Fun with [Auto]Stitching Photo Mosaics!

Xingyu Jin < xingyu.jin21@berkeley.edu >

Background

This project will explore different aspects of image warping and its application in image mosaicing.

Part A - IMAGE WARPING and MOSAICING

Shoot and Digitize picture

In this part, I took photos of my living room with a digital camera, where I stand in the center of the room and took picture with different view direction. I shoot pictures from the same position by turning camera instead of translating it. My original pictures are shown as follows:

Recover Homographs

In this part, I constructed a matrix from two n-by-2 matrices holding the (x,y) locations of n point correspondences from the two images in order to solve the linear system to get the recovered 3*3 homography matrix. Here, I used the least square algorithm to solve for the homography matrix.

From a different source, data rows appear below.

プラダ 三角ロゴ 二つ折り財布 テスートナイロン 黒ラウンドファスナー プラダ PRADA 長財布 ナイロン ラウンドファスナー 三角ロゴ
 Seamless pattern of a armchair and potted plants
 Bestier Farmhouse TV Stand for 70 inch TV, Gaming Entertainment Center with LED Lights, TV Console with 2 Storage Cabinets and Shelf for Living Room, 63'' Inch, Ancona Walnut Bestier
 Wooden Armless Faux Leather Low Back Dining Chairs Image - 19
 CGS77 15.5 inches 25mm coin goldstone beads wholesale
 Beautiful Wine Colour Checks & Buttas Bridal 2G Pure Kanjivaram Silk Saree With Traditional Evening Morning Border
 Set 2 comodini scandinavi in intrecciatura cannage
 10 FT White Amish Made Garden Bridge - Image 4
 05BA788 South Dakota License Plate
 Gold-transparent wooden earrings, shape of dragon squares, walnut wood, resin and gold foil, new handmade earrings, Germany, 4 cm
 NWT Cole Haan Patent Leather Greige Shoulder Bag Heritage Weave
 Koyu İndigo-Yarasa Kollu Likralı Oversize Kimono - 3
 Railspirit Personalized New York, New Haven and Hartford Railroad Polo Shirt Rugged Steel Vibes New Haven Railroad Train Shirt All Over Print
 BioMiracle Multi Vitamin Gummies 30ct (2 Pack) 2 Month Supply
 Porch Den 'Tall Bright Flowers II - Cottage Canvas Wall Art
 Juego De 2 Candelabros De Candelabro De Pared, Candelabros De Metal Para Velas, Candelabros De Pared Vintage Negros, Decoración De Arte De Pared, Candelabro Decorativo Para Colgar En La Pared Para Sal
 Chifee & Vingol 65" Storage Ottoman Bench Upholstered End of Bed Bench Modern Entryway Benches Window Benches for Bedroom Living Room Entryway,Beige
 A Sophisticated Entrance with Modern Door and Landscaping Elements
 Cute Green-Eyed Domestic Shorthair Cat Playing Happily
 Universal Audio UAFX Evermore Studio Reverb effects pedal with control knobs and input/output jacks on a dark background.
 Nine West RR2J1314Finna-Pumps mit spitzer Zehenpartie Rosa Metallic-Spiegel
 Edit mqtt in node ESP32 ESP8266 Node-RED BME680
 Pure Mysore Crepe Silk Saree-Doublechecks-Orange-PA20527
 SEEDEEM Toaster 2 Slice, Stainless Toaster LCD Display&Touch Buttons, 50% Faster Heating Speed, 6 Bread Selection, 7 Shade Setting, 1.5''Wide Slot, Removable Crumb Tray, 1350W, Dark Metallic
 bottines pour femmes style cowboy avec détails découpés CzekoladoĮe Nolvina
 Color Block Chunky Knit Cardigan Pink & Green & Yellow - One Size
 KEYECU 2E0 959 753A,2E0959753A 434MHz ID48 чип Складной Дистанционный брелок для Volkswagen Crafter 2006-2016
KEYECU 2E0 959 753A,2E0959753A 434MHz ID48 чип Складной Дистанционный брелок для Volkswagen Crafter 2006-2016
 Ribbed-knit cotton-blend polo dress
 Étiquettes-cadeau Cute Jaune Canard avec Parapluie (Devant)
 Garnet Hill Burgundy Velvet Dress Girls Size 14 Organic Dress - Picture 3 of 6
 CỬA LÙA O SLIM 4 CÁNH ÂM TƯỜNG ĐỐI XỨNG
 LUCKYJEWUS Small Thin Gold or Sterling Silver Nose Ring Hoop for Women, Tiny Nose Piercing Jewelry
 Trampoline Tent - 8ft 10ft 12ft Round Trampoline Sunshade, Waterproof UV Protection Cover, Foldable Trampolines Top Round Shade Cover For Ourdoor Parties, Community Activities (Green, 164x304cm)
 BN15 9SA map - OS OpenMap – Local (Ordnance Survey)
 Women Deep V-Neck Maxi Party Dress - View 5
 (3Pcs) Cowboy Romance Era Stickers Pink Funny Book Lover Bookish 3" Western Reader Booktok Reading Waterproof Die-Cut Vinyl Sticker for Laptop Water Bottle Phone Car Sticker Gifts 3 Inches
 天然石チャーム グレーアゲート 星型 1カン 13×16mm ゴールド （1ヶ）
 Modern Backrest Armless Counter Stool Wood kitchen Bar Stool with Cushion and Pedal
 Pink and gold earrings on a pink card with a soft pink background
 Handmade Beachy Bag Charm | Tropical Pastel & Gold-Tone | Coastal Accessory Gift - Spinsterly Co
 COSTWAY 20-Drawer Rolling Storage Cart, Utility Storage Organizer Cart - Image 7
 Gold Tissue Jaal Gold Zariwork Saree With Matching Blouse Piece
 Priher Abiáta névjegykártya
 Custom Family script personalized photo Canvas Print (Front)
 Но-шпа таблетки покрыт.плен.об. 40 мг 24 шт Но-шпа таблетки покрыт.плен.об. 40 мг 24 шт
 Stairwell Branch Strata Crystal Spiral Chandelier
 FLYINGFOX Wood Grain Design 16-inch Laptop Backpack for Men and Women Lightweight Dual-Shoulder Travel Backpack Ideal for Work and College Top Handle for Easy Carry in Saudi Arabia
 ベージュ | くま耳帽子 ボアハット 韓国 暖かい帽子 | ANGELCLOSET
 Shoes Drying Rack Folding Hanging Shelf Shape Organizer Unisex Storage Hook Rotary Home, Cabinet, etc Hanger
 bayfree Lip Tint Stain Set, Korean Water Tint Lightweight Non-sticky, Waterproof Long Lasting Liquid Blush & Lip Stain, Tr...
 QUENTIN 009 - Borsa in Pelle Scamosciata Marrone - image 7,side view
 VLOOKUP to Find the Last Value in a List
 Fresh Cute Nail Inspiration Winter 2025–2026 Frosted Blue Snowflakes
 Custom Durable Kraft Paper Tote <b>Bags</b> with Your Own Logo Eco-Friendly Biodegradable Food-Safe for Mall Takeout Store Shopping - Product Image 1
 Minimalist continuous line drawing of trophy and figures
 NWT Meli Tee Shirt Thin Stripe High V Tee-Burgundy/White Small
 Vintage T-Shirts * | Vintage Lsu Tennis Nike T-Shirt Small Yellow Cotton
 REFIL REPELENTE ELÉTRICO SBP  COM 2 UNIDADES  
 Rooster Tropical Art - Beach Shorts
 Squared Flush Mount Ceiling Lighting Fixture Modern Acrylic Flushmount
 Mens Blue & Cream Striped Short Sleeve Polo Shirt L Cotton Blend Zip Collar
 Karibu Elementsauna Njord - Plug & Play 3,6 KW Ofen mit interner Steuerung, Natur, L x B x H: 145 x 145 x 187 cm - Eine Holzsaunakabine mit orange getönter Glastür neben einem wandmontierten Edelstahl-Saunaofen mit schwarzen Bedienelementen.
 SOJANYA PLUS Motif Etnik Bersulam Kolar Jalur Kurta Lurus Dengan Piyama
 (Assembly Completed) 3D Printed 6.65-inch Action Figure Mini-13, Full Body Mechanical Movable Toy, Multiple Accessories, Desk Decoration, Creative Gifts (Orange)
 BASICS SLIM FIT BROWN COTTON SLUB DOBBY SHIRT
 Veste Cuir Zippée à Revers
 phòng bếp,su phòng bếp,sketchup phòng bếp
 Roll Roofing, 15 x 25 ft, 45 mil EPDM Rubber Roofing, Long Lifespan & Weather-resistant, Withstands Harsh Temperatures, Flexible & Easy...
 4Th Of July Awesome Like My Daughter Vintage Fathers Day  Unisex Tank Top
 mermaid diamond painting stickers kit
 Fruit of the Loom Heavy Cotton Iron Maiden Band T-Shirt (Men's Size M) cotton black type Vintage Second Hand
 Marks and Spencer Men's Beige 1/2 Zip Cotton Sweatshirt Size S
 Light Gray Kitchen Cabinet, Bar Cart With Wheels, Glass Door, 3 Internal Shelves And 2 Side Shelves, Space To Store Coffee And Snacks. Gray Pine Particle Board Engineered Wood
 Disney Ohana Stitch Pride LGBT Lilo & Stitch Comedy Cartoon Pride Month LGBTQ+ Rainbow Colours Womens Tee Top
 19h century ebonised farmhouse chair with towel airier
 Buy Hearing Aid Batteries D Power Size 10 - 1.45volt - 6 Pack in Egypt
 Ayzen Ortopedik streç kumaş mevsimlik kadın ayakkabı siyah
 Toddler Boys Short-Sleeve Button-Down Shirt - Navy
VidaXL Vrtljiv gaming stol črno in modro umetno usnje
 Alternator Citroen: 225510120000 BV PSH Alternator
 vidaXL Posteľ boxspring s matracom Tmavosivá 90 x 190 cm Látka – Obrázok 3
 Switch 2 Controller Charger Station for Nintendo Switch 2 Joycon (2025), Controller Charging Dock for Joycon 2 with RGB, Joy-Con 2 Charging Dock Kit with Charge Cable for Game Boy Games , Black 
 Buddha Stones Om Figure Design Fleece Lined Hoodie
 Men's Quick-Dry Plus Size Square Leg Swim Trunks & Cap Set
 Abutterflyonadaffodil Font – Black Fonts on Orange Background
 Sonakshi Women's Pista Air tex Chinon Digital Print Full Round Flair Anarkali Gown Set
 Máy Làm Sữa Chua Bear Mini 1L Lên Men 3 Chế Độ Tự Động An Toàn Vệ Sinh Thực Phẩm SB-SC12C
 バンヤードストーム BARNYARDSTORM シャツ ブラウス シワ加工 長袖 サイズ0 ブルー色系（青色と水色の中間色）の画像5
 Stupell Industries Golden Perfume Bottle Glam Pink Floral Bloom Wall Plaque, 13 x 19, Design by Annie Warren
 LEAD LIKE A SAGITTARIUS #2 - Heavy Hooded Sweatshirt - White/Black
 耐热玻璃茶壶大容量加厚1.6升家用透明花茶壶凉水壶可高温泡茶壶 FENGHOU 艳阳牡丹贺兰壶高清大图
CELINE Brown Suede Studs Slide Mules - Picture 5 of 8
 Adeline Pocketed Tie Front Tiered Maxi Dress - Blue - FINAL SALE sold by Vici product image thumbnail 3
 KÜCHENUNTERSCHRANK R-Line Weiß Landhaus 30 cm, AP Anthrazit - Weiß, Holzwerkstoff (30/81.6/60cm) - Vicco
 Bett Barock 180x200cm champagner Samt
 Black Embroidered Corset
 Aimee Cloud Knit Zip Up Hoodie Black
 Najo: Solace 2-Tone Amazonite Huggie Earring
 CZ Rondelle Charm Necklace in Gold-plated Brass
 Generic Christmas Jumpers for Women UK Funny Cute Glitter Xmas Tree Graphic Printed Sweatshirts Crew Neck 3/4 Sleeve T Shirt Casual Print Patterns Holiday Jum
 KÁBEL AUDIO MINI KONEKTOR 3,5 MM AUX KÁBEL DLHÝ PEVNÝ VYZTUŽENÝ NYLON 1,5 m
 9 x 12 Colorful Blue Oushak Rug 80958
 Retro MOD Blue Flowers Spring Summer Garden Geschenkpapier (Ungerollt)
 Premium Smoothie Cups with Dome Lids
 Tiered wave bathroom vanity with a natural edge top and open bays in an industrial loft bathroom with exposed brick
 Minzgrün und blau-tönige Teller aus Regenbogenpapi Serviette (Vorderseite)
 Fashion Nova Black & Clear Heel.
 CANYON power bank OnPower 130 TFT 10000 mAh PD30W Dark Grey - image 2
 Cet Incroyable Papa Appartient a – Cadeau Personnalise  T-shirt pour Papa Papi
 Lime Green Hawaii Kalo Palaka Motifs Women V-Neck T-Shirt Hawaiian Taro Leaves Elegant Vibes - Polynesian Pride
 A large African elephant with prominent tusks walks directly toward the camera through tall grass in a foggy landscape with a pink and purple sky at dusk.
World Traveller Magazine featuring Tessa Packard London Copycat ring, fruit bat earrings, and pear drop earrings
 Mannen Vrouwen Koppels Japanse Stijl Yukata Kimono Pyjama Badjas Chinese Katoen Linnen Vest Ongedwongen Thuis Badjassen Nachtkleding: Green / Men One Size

When selecting the keypoints, I used the second picture as my target picture and used the computeH function to get the homography matrix for transforming the other two pictures into the second one. I chose the second picture because it is the "front view" of my room, which is ideal for serving as a reference. When selecting the key points, I used ginput function to select the square blocks in the images so that they can correspond to each other.

Wrap the Images

In this part, I used inverse warp to warp the images with the homography matrix calculated above.To test my functionality and the homography matrix, I first tried to warp several images. The following examples show how my initial warp algorithm works. In this example, I tried to wrap the wooden pillar in the side images to the same position as they are in the middle image. As we can see, even though the transforming leaves many pixels as "black", it still correctly warped the images into very close position as my target picture.

"Rectify" the Images

To further test my functionality and the homography matrix, I tried to rectify the images. In the example below, I took a side view picture of my ipad on my desk. Thereafter, I manually selected the four corners of my ipad, and defined its target by hand to be a square. The way I define the target coordinates is as follows:

Use the bottom left corner of my ipad as "origin"
Calculate the width w of my ipad by calculating the Euclidean distance between the bottom left corner and the bottom right corner
Calculate the height w of my ipad by calculating the Euclidean distance between the bottom left corner and the top left corner
Construct the target coordinates by adding/subtracting w/h from my "origin"

As we can see, it still correctly rectify my ipad through warping.

Blend the image into a mosaic

In order to bind the images into a mosaic, I used weighted averaging. To do so, I decide to use what I did in the previous part that I left the second image unwrapped and warp the other two images into its project. When deciding the final size, since all my original pictures are of the same size, I choose to keep the original picture's height and increase the width by 2 times (so that I can bind the other two images into one).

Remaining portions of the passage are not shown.